Monday, November 15, 2004

Fears mount for jailed Christian convert.

by Barbara G. Baker

ISTANBUL, November 15 (Compass) -- Iranian authorities moved Christian prisoner Hamid Pourmand to a military prison last week, deepening fears throughout the evangelical community for the safety of the Protestant pastor jailed nine weeks ago.

Local sources have confirmed that Pourmand was told in late October that he would be released within just a few days. But he remained under detention at an unknown location until a few days ago, when he was transferred to a military jail.

No known charges have been filed against Pourmand, a former Muslim who converted to Christianity nearly 25 years ago.
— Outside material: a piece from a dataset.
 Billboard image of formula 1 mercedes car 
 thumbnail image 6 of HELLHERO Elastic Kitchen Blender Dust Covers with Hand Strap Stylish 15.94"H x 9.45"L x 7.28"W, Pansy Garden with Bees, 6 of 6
Married with two children, he is a colonel in the Iranian army.

Although Pourmand was allowed one short telephone call to his wife three weeks after his arrest, security police have since refused to permit him any other contact with his family or friends.

“He has been pressured a lot psychologically,” one Iranian Christian told Compass, “but we do not know for sure how he has been treated physically.” The source said Pourmand’s family remains very worried about him, after more than two months of detention incommunicado.

Pourmand, 47, has been incarcerated since September 9, when he was arrested with 85 other pastors and leaders of the Assemblies of God Church during their annual general conference in Karaj, near Tehran. Most of the detainees were released by the end of the day, although Pourmand and nine other pastors were held for four days of interrogation before the others were set free.

Pourmand was serving as lay pastor of a congregation in Bandar-i Bushehr, a port city on the Persian Gulf in southern Iran.

During his family’s absence in the days following his arrest, Pourmand’s home was broken into and searched, with all of the family’s papers and photographs removed.

In recent months, prominent government officials have repeatedly denounced “foreign religions,” which they accuse of threatening Iran’s national security.

In April, one Shiite cleric in the Ministry of Education declared publicly that an average of 50 Iranian young people were known to “convert secretly to Christian denominations” every day.

Dozens of evangelical Christians were arrested in a crackdown against house churches in the provinces of northern Iran in May, including one pastor detained with his wife and children. After several weeks of harsh mistreatment and interrogations, all were eventually released after being ordered to stop evangelizing and meeting for worship. They reportedly remain under close police surveillance.

In Iran’s Islamic courts, a Muslim convicted of apostasy is subject to the death penalty. Since the 1976 Islamic revolution, a number of ex-Muslims who converted to Christianity have been covertly assassinated or executed by court order, under the guise of spying for foreign countries.